Shaftesbury Kontu Cooper’ın şimdi 1800’lü yılların ortalarında günlüğüne düştüğü kanılar; emperyalistlerin Anadolu’yu tümüyle işgal edemeseler de coğrafyamızı Suriye merkezli bir parçalamaya sürüklediklerini ve bunda başarılı olduklarını gösteriyor. Shaftesbury, bütünüyle Büyük Suriye’nin (Bilad-i Şam), gelecekteki Yahudi devleti (İsrail) tarafından yutulmayı hak ettiğini şöyle not emiştir:

“Bu geniş ve verimli bölgeler yakında hükümdarsız, egemenlik tezinde bulunacak bilindik ve tanınmış bir güçten mahrum kalacaktır. Topraklar birine ta da bir diğerine tahsis edilmelidir.” (s.26)
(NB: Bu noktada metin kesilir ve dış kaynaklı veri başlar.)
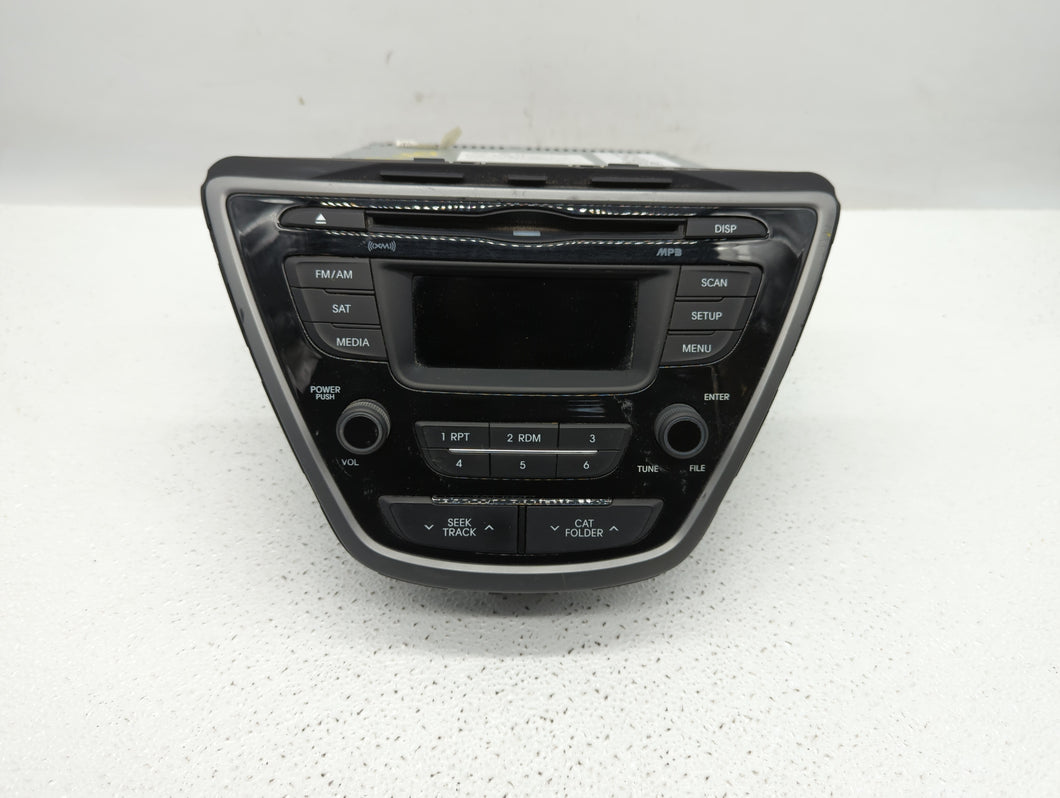 2014-2015 Hyundai Elantra Radio AM FM Cd Player Receiver Replacement P/N:961703X156GU 96180-3X165GU Fits 2014 2015 OEM Used Auto Parts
Ben de kitabı okurken şu notu almıştım:

Filistin topraklarında Yahudi devleti kurmak kadar etrafını de istikrarsız ve İsrail için güvenlik sorunu olmayacak, gelecekte hizmet yerine geçecek bir istikrarsızlığa mahkum etmeyi fiili işgalden 80 yıl evvel düşünmüşler. Tam bir İngiliz aklı.

Planlar asırlık.

Hülasa… Suriye’nin Anadolu’dan koparılması, Bilad-i Şam’ın dağılışına, beraberinde Filistin’in işgaline sonucunda İsrail terör devletinin kurulmasına kapılar araladı. İngiliz aklı coğrafyamızın hudutlarını çizerken, Türkiye ile Suriye devletlerini ve halklarını bir ortaya getirmemek üzere idare zafiyetleri de inşa etmişti. İngilizlerin peşi sıra Fransız mandası, 1946’dan sonra seri darbeler süreci ve akabinde Baas Rejimi… Bugün bakılınca görülüyor ki Batı için coğrafyanın saklı kilidi Suriye’ymiş adeta. Arap Baharı, bölgedeki devletlerin idarelerini domino taşları üzere yıkarken bu rüzgar bir tek diktatör Esed’e dokunmadı. Bu ortada Suriye’yi terör örgütü üretme laboratuvarına çevirdiler. Anladık ki Anadolu’yu işgal planlarının karargahı yapacaklardı. Başaramadılar. Zira Recep Tayyip Erdoğan’ı deviremediler. Denediler, bir defa daha, bir defa daha denediler lakin ne Erdoğan ne de halk buna mahal vermedi.

Daha da uzatmayayım, bir kere daha fotoğrafa geleyim. Bu kare Bilad-i Şam kucaklaşmasıdır. Bu kare 200 yıllık hasretin vuslatıdır. Bu kare Suriye’nin toprak bütünlüğü, Anadolu’nun teminatı, Türkiye’nin selametidir. Bu kare Filistin’in geleceğidir. Kubbet’üs Sahre’nin içerisindeki o kayanın murabıtlar kaydıdır. Bu kare İslam dünyasının eldeki, avuçtaki tek tahlil anahtarıdır.

İlgili Yazılar

Bir yanıt yazın

E-posta adresiniz yayınlanmayacak. Gerekli alanlar * ile işaretlenmişlerdir

Web sitemizde size mümkün olan en iyi deneyimi sunmak için çerezleri kullanıyoruz. Bu siteyi kullanmaya devam ederek çerez kullanımımızı kabul etmiş olursunuz.